[Image-text web data]
----------------------------------------

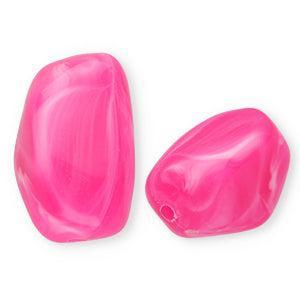 Acryl Kralen Marble Rechthoek Fuchsia 21x15.5mm - per stuk-Kralen-Kraaltjes van Renate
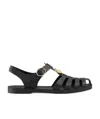 Gucci Black Sandals With Gg Logo Plaque In Rubber Man In Black
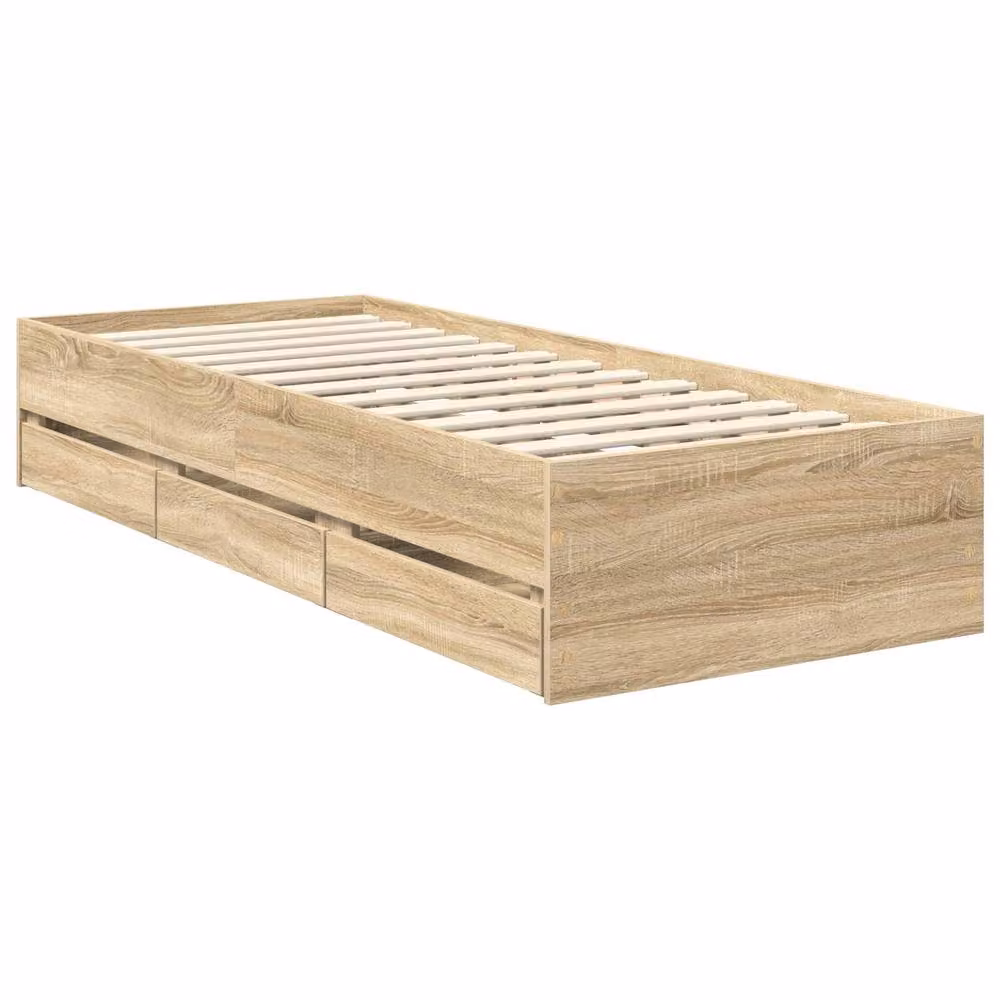 Berkfield Home Sonoma Oak Bed Frame with Drawer, Brown, W: 75 cm x L: 190 cm – 2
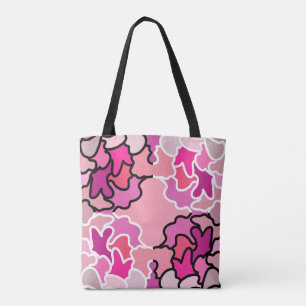 Tote Bag Dans L'Art Motif Géométrique Rose Du Milieu Du Siè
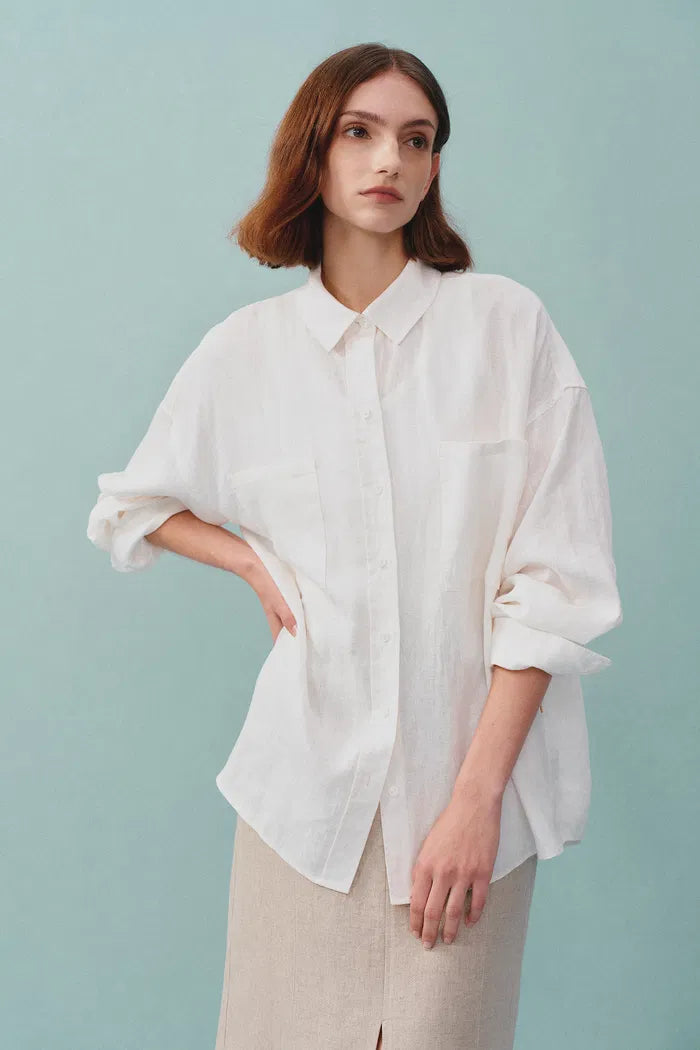 Una Double Patch Pocket Shirt in Linen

----------------------------------------

Task item. An exact copy of the records above is required, leaving out the pictures.

Response area.
 Acryl Kralen Marble Rechthoek Fuchsia 21x15.5mm - per stuk-Kralen-Kraaltjes van Renate
 Gucci Black Sandals With Gg Logo Plaque In Rubber Man In Black
 Berkfield Home Sonoma Oak Bed Frame with Drawer, Brown, W: 75 cm x L: 190 cm – 2
 Tote Bag Dans L'Art Motif Géométrique Rose Du Milieu Du Siè
 Una Double Patch Pocket Shirt in Linen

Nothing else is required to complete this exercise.